→ Data block:
★ ★ ★ ★ ★

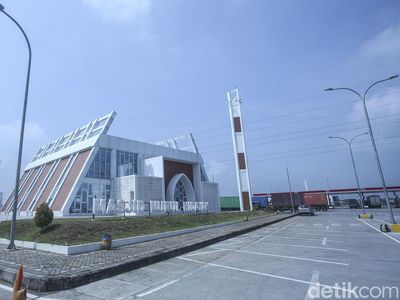Rest Area KM 575 di Ngawi Ini Bak di Luar Negeri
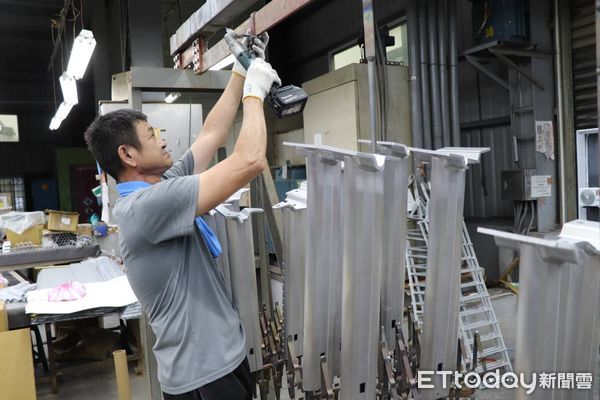 ▲50歲的阿雄在勞動部「僱用獎助措施」協助下重返職場，找回自信。（記者林東良翻攝，下同）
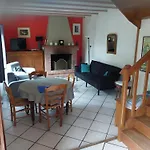Les Noisettes Sauvages Proche Etretat * Villainville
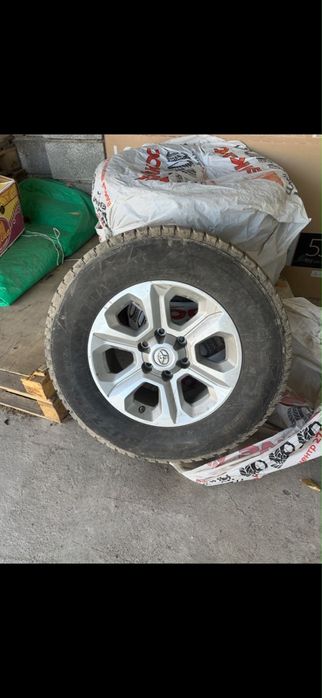 Шины 17 оригинал от Toyota 4Runner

★ ★ ★ ★ ★

→ Problem statement:
When copying the material, leave every image behind and keep each line verbatim.

→ Output:
Rest Area KM 575 di Ngawi Ini Bak di Luar Negeri
 ▲50歲的阿雄在勞動部「僱用獎助措施」協助下重返職場，找回自信。（記者林東良翻攝，下同）
Les Noisettes Sauvages Proche Etretat * Villainville
 Шины 17 оригинал от Toyota 4Runner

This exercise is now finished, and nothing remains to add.